▶ Stored data
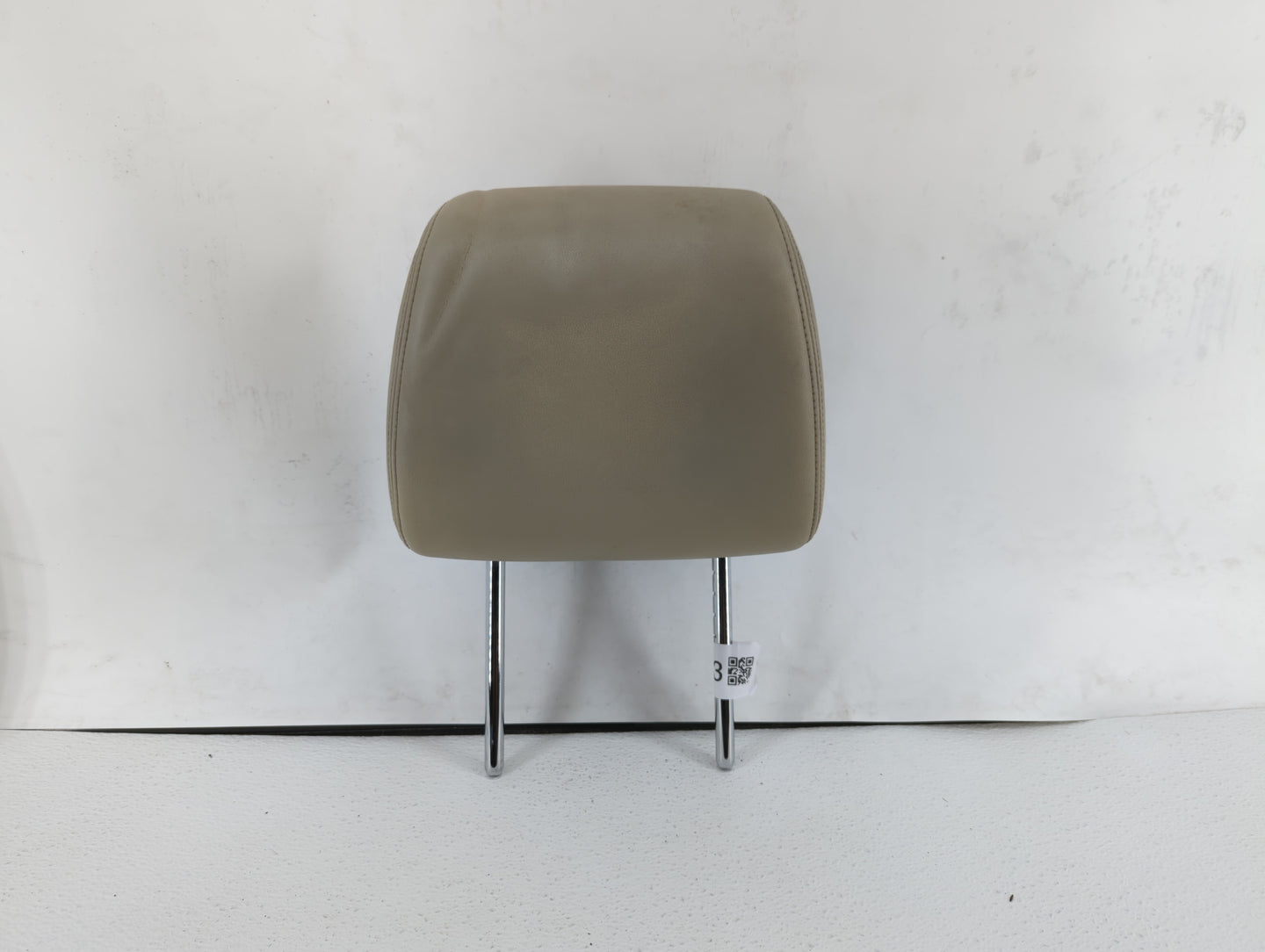 2008-2010 Infiniti M35 Headrest Head Rest Rear Seat Fits Fits 2008 2009 2010 OEM Used Auto Parts - Oemusedautoparts1.com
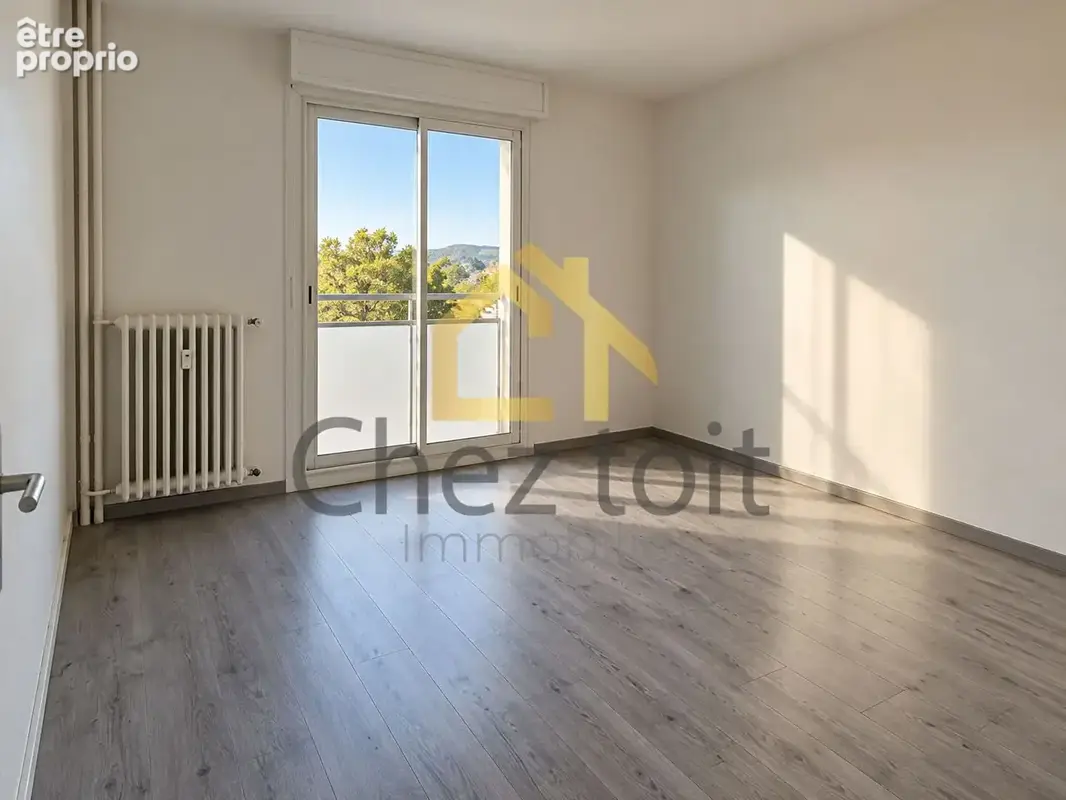 Appartement T4 de 104 m² avec loggia fermée et garage ? Toulon - photo 8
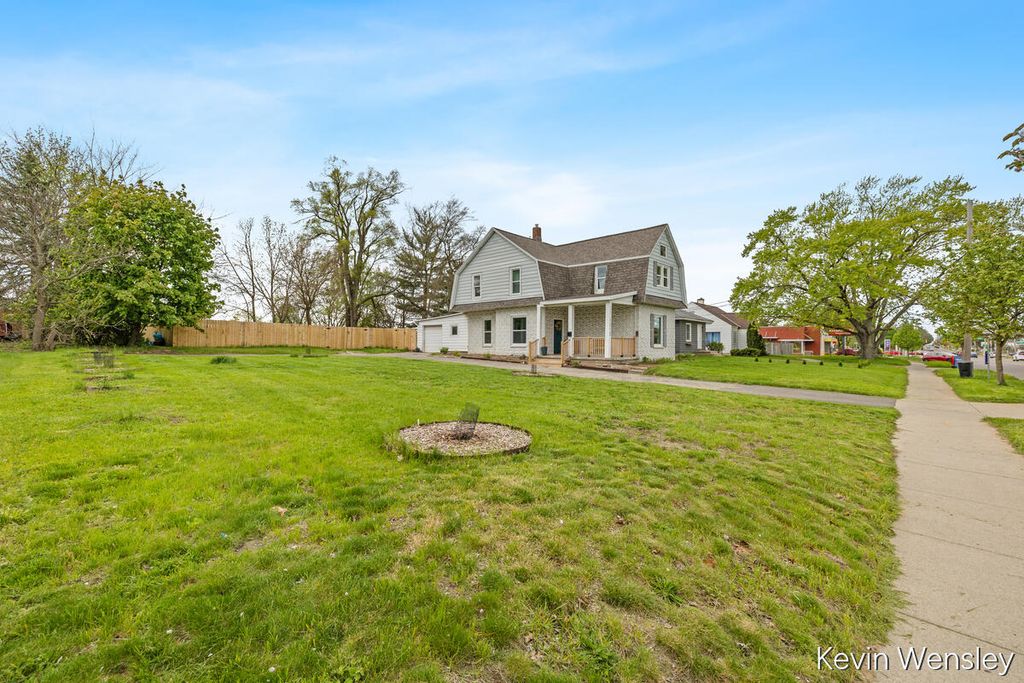 1312 Leonard Street, Grand Rapids, MI 49505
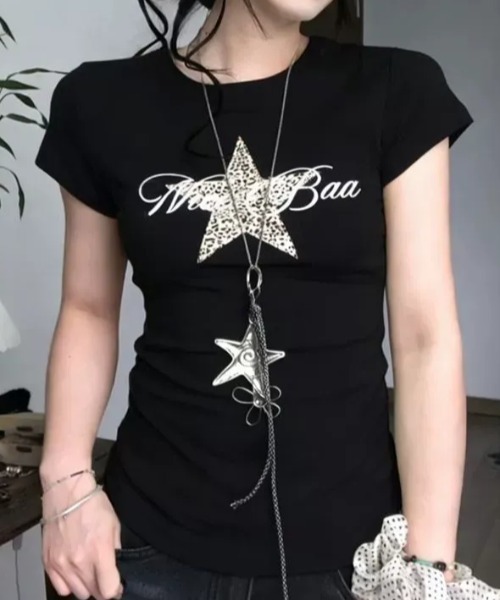 SHEPP(シープ)の「レオパードスタープリント タイト半袖Tシャツ チビT ピチT(Tシャツ/カットソー・レディース・ブラック・L/M)」の3枚目の写真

▶ Prompt
Put each line of the listing above into the copy exactly, dropping the pictures.

▶ Answer box
 2008-2010 Infiniti M35 Headrest Head Rest Rear Seat Fits Fits 2008 2009 2010 OEM Used Auto Parts - Oemusedautoparts1.com
 Appartement T4 de 104 m² avec loggia fermée et garage ? Toulon - photo 8
 1312 Leonard Street, Grand Rapids, MI 49505
 SHEPP(シープ)の「レオパードスタープリント タイト半袖Tシャツ チビT ピチT(Tシャツ/カットソー・レディース・ブラック・L/M)」の3枚目の写真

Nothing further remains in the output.